== INSTRUCTIONS TO FOLLOW ==
Where a line in the entries below contains the word "high", count it. Return the total alone.

─── MATERIALS PROVIDED

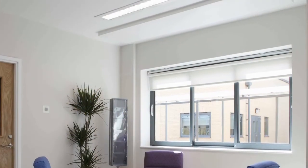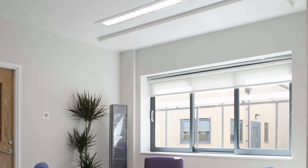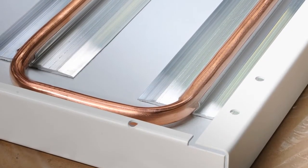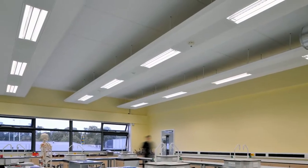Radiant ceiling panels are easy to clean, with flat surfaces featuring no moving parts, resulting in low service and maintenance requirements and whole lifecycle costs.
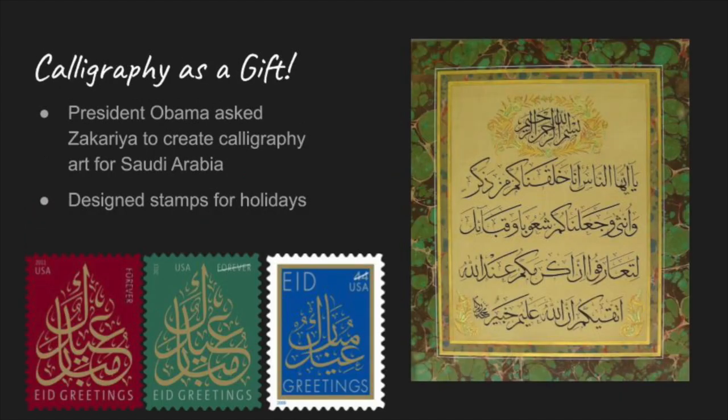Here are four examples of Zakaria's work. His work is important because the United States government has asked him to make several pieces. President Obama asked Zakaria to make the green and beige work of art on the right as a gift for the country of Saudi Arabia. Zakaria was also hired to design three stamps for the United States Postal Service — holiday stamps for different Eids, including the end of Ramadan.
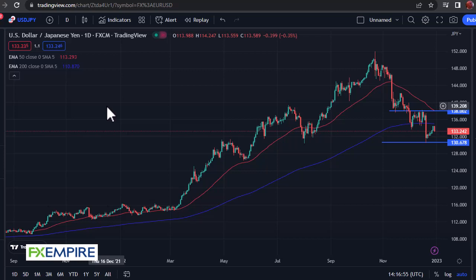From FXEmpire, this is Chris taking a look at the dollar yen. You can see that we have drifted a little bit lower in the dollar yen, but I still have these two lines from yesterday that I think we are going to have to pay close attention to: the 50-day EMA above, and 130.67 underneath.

──────
─── MATERIALS PROVIDED

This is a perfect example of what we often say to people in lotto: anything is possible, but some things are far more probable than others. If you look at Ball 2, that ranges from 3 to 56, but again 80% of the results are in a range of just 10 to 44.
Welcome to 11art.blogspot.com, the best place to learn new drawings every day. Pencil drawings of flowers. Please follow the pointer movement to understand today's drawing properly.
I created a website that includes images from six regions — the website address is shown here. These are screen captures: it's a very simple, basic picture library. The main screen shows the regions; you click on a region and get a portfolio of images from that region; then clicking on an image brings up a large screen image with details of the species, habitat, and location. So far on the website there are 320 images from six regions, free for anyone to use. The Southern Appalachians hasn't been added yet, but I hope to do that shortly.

──────
─── MATERIALS PROVIDED

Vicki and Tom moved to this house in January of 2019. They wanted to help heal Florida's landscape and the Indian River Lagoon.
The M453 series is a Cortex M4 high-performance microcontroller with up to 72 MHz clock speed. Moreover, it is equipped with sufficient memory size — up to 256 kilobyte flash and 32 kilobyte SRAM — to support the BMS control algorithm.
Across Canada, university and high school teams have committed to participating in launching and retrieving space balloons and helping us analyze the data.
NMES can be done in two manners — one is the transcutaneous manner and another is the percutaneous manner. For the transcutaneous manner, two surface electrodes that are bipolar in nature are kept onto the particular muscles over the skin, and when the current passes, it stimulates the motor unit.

──────

== EXERCISE RESULT ==
2